**TASK TO COMPLETE:**
Word for word, please copy the line containing "Vintage Surfboard Dog" and all lines after it in the entries below, and only those, leaving every picture out.

[MATERIAL TO PROCESS Boundary: Start]

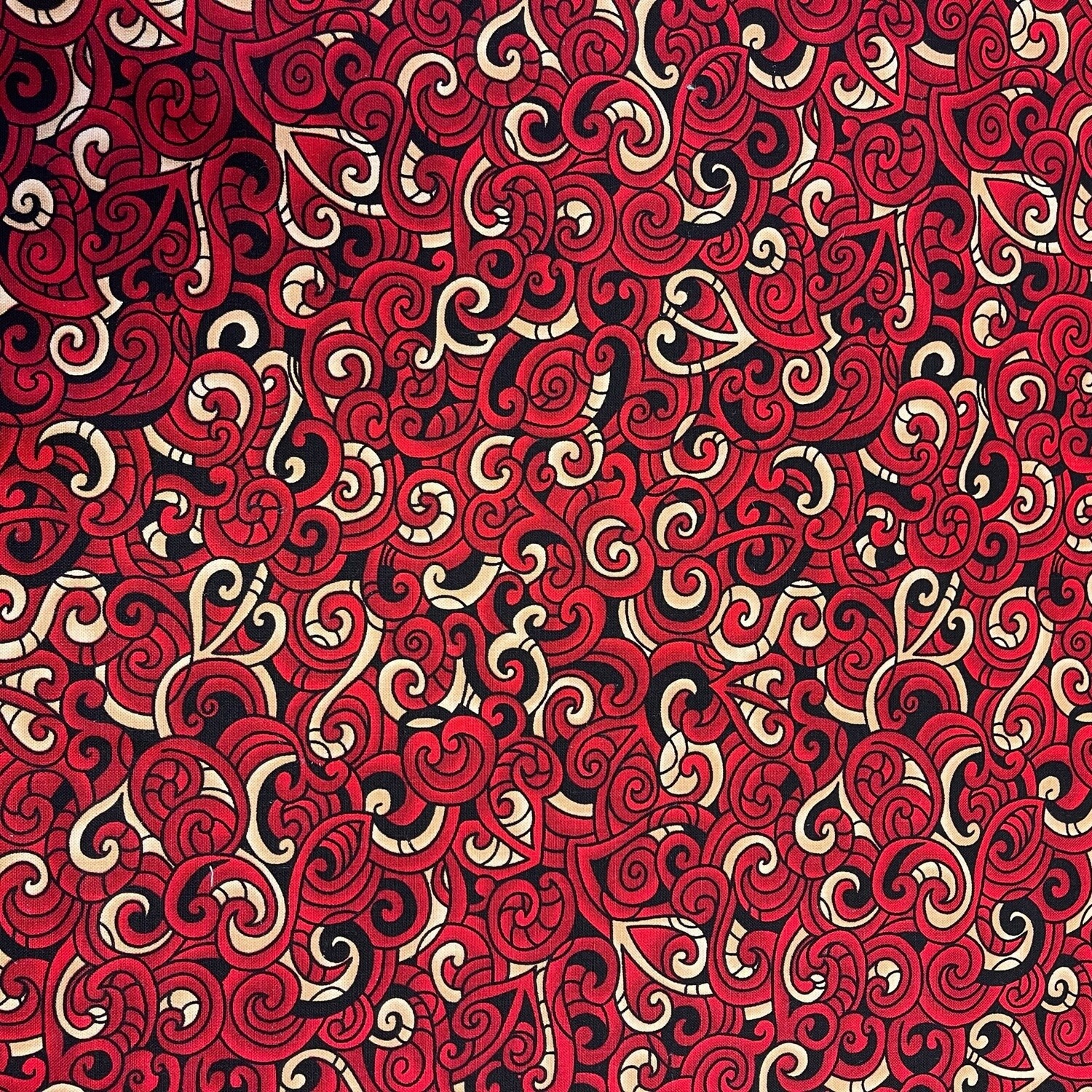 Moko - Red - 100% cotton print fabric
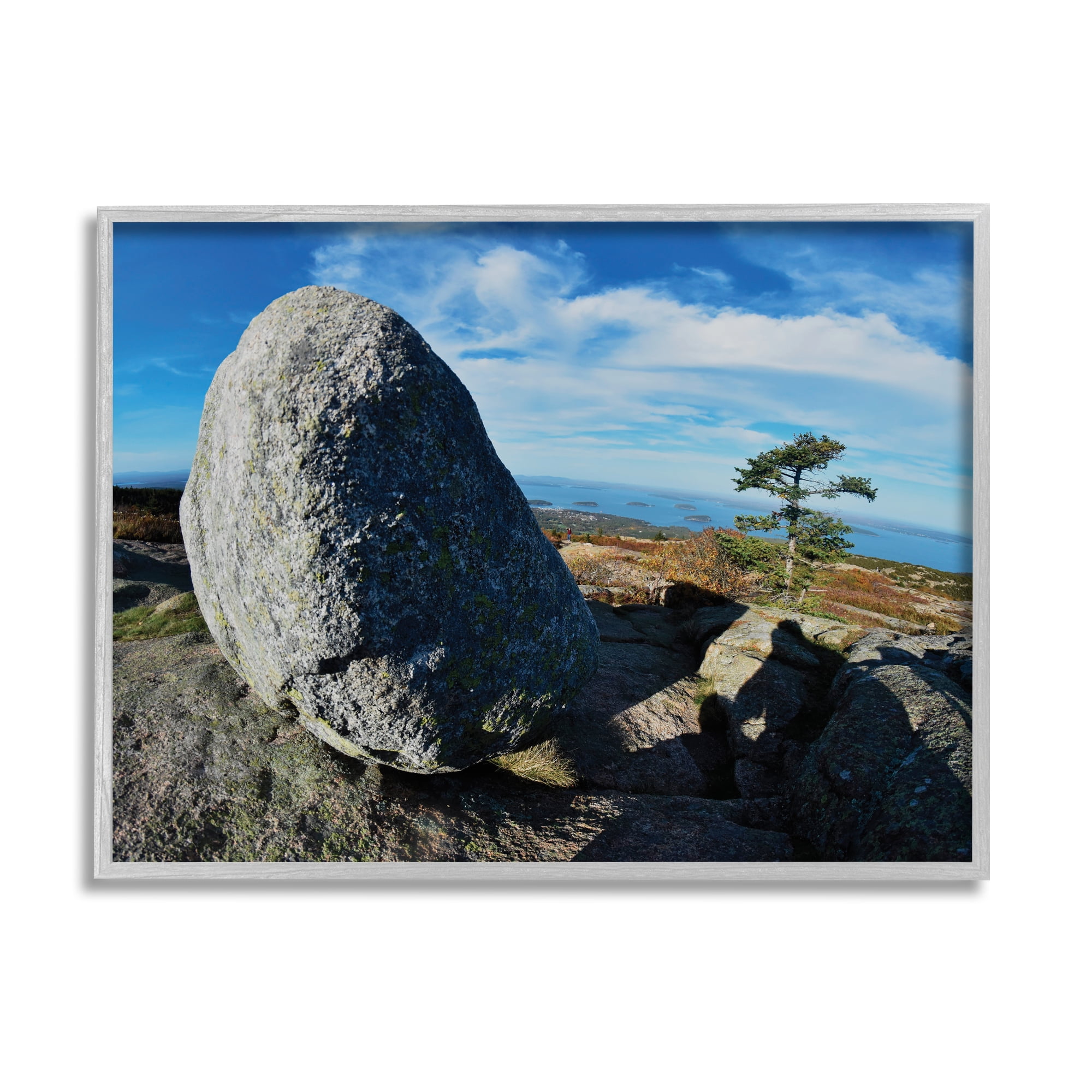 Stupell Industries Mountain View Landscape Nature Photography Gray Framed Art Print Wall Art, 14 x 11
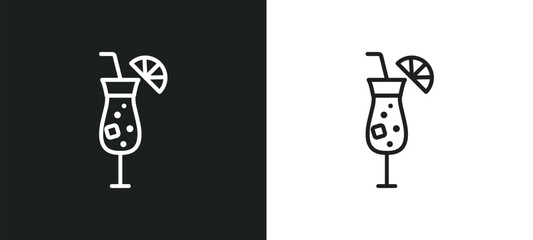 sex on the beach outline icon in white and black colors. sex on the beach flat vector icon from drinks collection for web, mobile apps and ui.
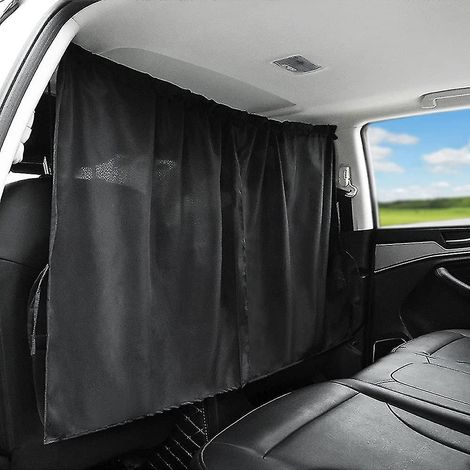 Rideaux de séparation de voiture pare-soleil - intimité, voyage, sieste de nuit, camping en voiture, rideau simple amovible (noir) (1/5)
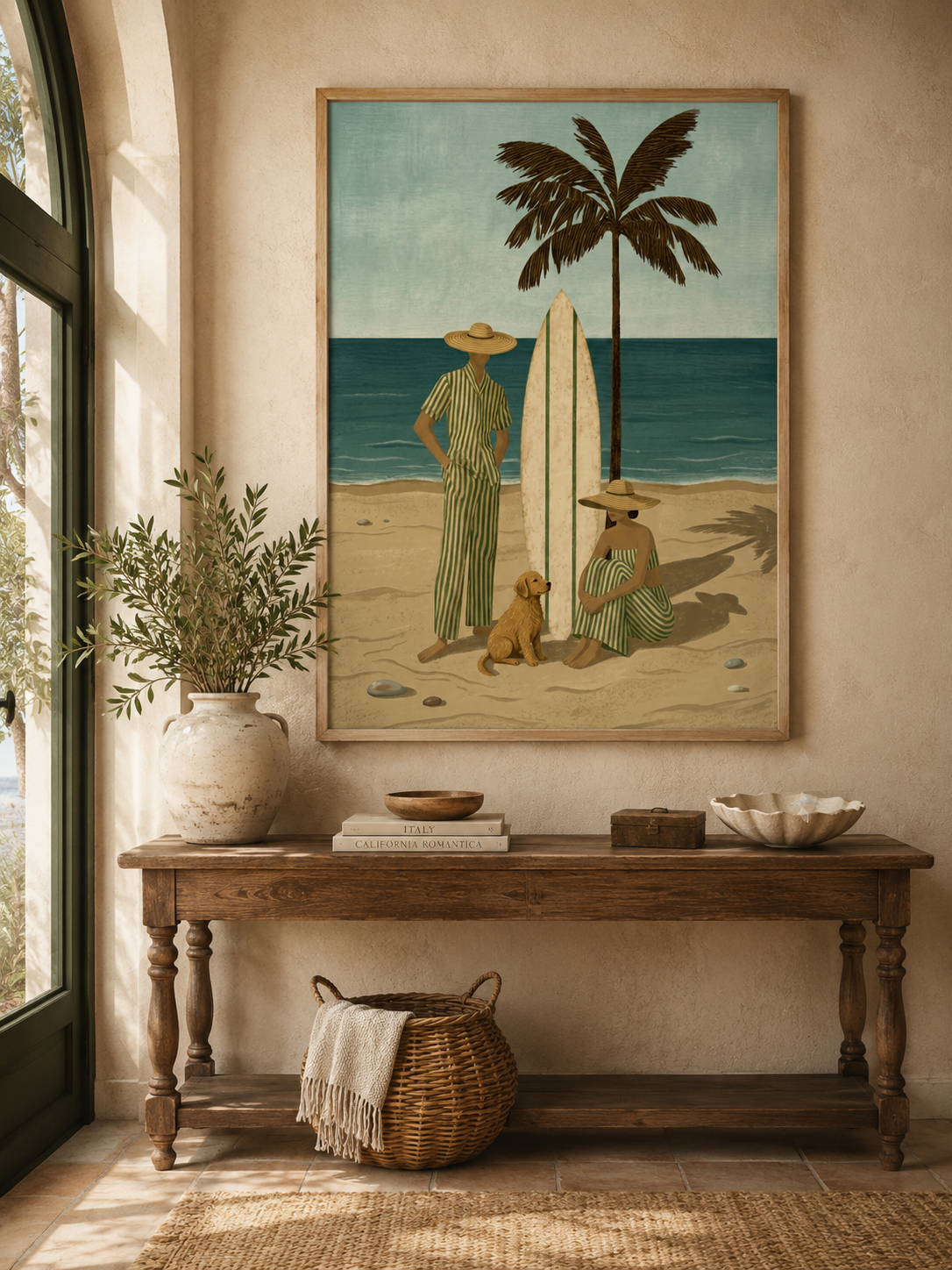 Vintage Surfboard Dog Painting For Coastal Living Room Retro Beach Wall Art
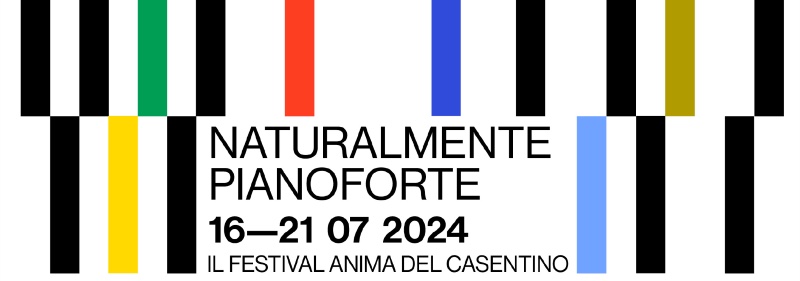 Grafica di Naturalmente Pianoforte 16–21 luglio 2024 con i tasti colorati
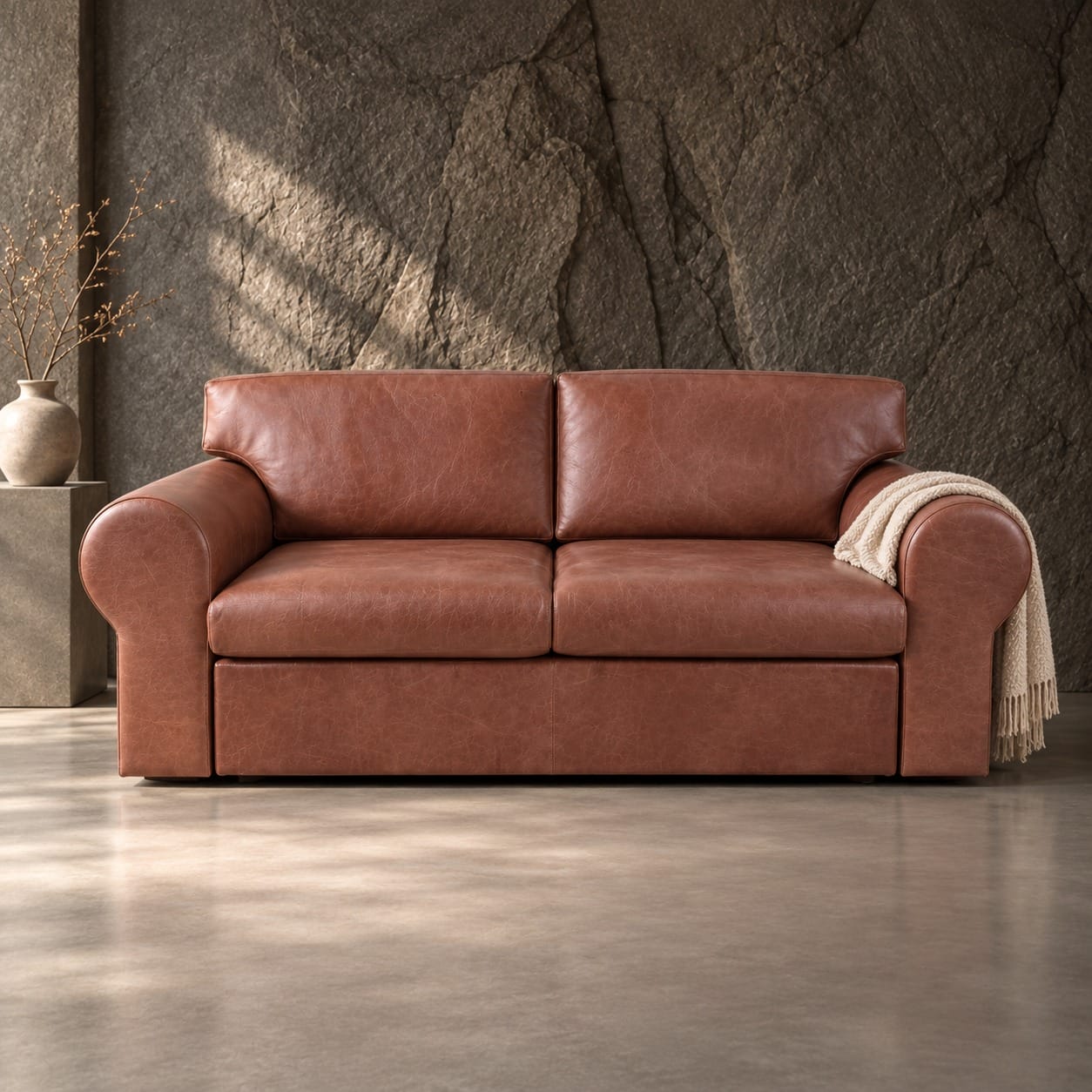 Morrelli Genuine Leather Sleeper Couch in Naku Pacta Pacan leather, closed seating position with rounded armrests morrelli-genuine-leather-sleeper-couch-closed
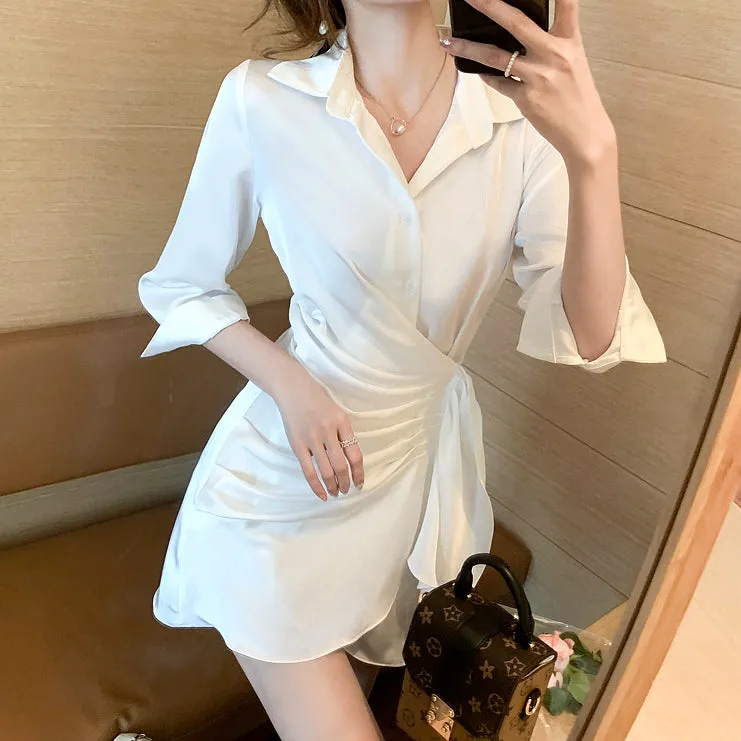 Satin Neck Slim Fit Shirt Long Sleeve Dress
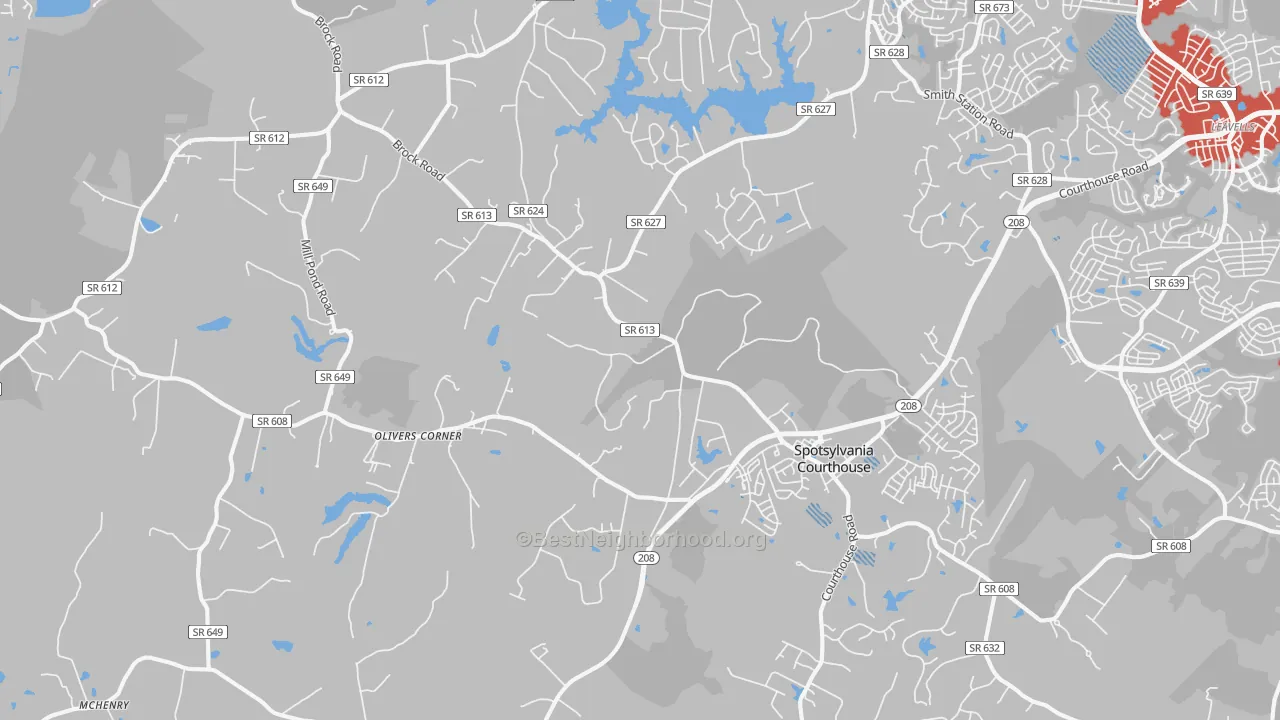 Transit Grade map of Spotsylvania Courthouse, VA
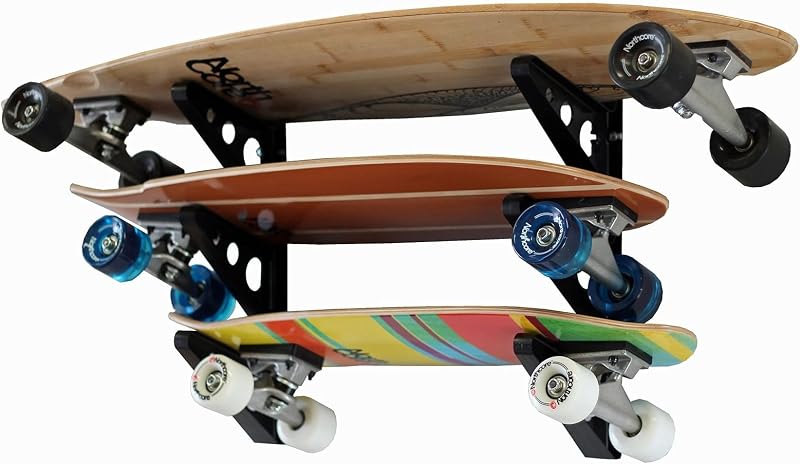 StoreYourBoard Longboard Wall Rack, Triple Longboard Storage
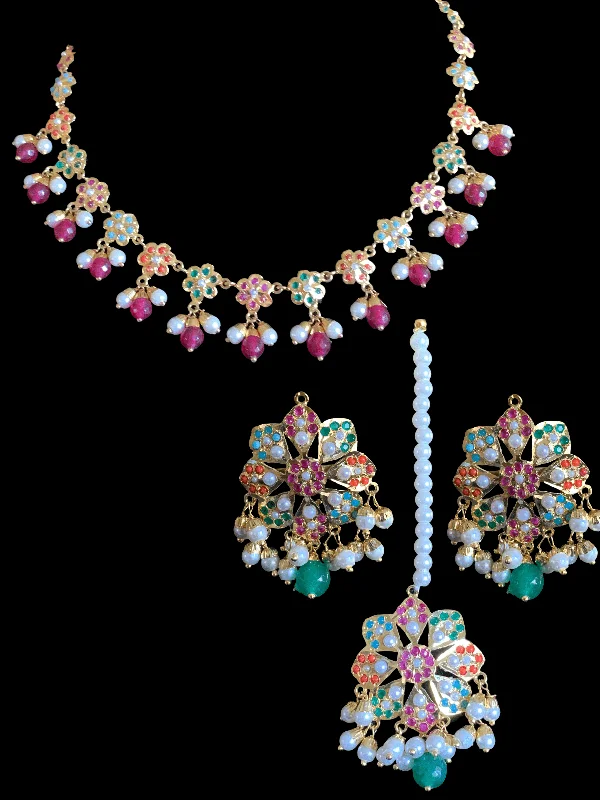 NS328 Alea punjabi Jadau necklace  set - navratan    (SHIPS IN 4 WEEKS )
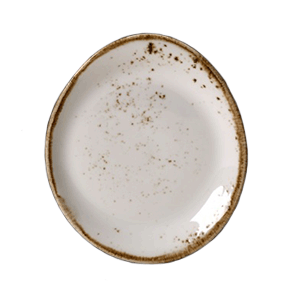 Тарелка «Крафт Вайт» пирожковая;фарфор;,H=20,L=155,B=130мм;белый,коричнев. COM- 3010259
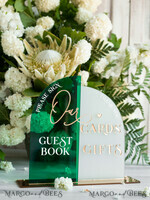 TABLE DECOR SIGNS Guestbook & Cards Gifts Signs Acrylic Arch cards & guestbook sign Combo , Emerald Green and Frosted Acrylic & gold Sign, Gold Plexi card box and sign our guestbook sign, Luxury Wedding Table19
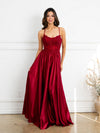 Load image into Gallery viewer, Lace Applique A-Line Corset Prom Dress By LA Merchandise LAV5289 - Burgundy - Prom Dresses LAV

[MATERIAL TO PROCESS Boundary: End]

**WRITTEN REPLY:**
 Vintage Surfboard Dog Painting For Coastal Living Room Retro Beach Wall Art
 Grafica di Naturalmente Pianoforte 16–21 luglio 2024 con i tasti colorati
 Morrelli Genuine Leather Sleeper Couch in Naku Pacta Pacan leather, closed seating position with rounded armrests morrelli-genuine-leather-sleeper-couch-closed
 Satin Neck Slim Fit Shirt Long Sleeve Dress
 Transit Grade map of Spotsylvania Courthouse, VA
 StoreYourBoard Longboard Wall Rack, Triple Longboard Storage
 NS328 Alea punjabi Jadau necklace  set - navratan    (SHIPS IN 4 WEEKS )
 Тарелка «Крафт Вайт» пирожковая;фарфор;,H=20,L=155,B=130мм;белый,коричнев. COM- 3010259
 TABLE DECOR SIGNS Guestbook & Cards Gifts Signs Acrylic Arch cards & guestbook sign Combo , Emerald Green and Frosted Acrylic & gold Sign, Gold Plexi card box and sign our guestbook sign, Luxury Wedding Table19
 Load image into Gallery viewer, Lace Applique A-Line Corset Prom Dress By LA Merchandise LAV5289 - Burgundy - Prom Dresses LAV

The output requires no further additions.